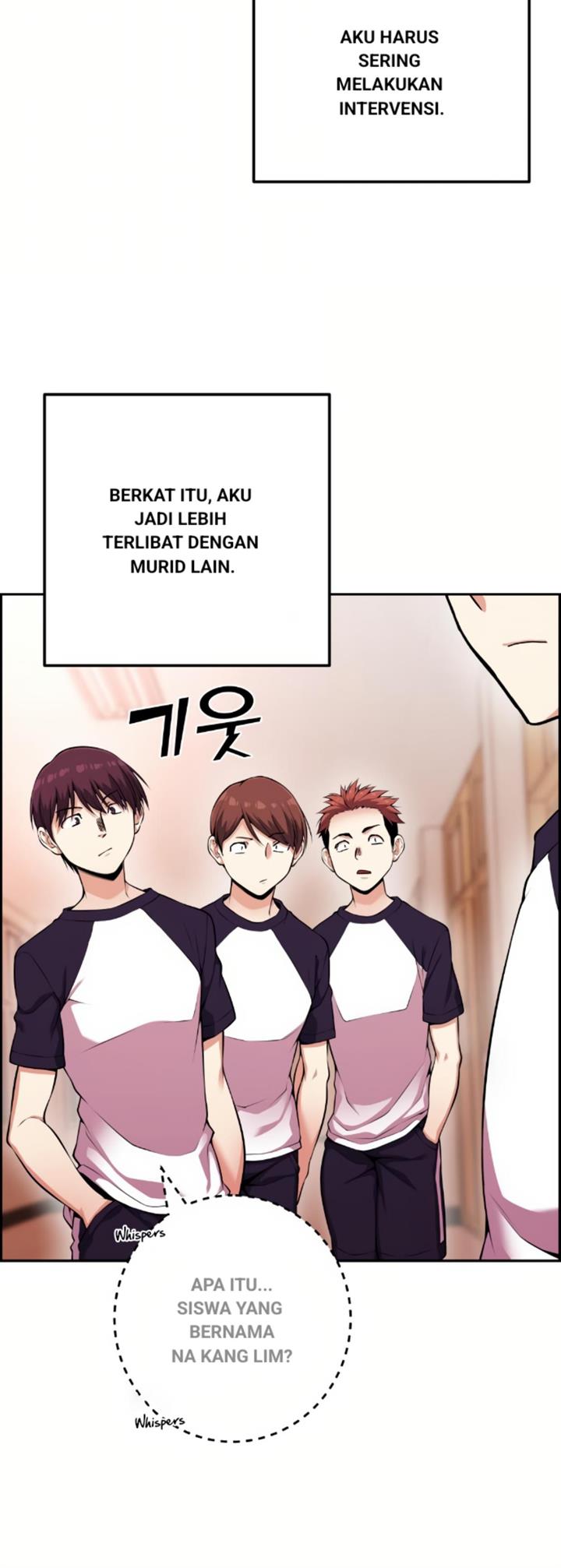 Webtoon Character Na Kang Lim Chapter 55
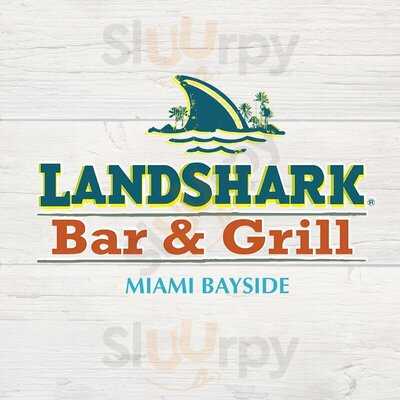 Landshark Bar & Grill - Bayside, Miami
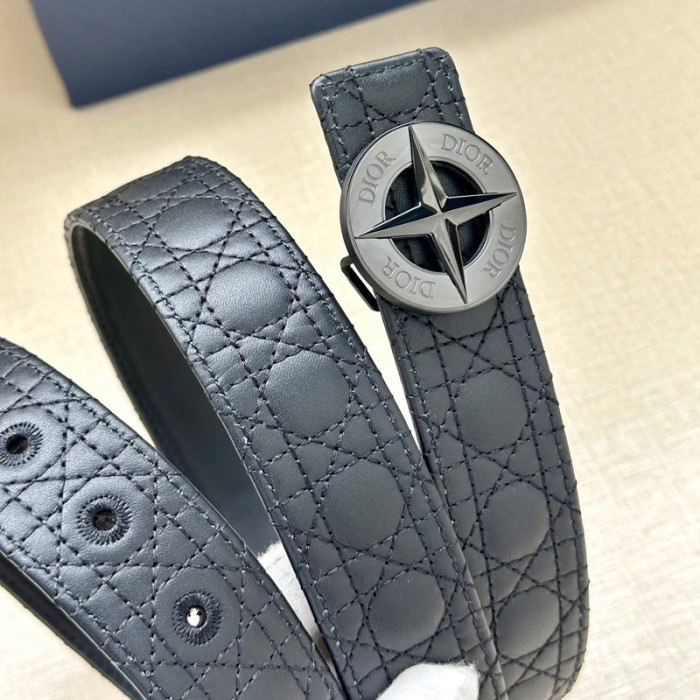 DIOR AND STONE ISLAND CHARM 35MM Belt FZYD192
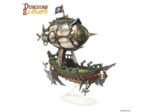 Dungeons & Lasers - Figurines - Deuslair - Flying Pirates Airship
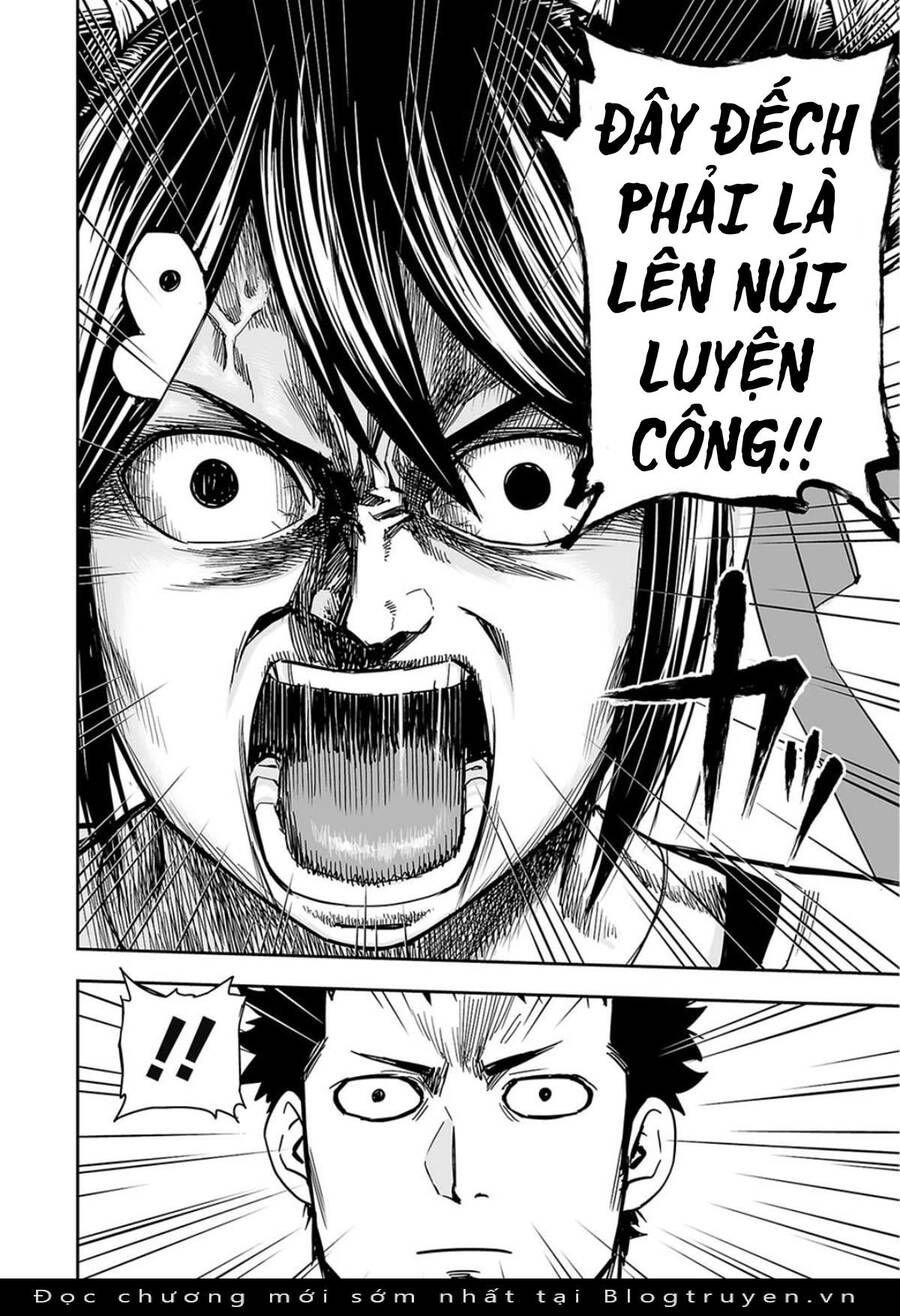 Tsuyoshi Chapter 45 - 11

----

- _Your instructions_
Omit pictures and output the listing exactly.

- _Task output_
 Webtoon Character Na Kang Lim Chapter 55
 Landshark Bar & Grill - Bayside, Miami
 DIOR AND STONE ISLAND CHARM 35MM Belt FZYD192
 Dungeons & Lasers - Figurines - Deuslair - Flying Pirates Airship
 Tsuyoshi Chapter 45 - 11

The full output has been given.